Размер шрифта
-
+

Россия, которая могла быть - стр. 38

И тем более давно – уже почти с самого начала общей истории Руси и Литвы, обрусела правящая династия. Быть может, разнообразные Казимиры, Ольгерды, Витовты, и прочие государи – «литвины», знают лишь десяток – другой слов на языке своих предков, предпочитая изучать латынь и польский. «Русь ассимилировала Литву».

Коснемся положения крестьянства – то есть боле чем девяти десятых населения, в Русско-Литовской державе.

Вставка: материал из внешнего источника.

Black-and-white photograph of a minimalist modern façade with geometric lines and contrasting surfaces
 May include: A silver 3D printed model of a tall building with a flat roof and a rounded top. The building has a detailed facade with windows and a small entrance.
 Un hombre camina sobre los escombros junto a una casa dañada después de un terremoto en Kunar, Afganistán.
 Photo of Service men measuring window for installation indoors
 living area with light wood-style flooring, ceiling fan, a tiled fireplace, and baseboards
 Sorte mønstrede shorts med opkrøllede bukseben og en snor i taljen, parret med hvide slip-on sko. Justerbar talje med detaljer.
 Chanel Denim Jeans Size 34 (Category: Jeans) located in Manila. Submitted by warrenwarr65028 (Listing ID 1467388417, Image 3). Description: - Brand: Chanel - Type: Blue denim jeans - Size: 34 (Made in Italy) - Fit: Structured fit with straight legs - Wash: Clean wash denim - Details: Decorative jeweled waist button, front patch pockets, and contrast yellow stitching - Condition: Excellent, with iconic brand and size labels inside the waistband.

Как известно, в реально существовавшем Великом Княжестве Литовском, крепостное право окончательно утвердилось в 1588 году – за шестьдесят с лишним лет до того, как Соборное Уложение царя Алексея Михайловича узаконило его на Руси.(10,198)

Но нужно все же иметь в виду, что данное положение статута 1588 года возникло опять-таки под влиянием западного соседа.

Во всяком случае, крепостное право в различных его видах, хотя и достаточно широко распространено, тем не менее, не охватывает абсолютного большинства сельского населения, как это уже с конца XVII века произошло в отечественной истории.

И крепостничество по своей сути существенно менее сурово, нежели то, что имело место в России. Во всяком случае, дело не доходит до откровенного рабства, как это случилось у нас в стране. Да, крестьянин является подневольным, урезанным в правах человеком, но не превращается в вещь, в «крещенную собственность», и на русской земле никогда не было позорной продажи людей на аукционах, с молотка. Кроме того, чисто территориально границы распространения крепостного права заметно уже, и дальше Волги оно не продвигается. (13,324)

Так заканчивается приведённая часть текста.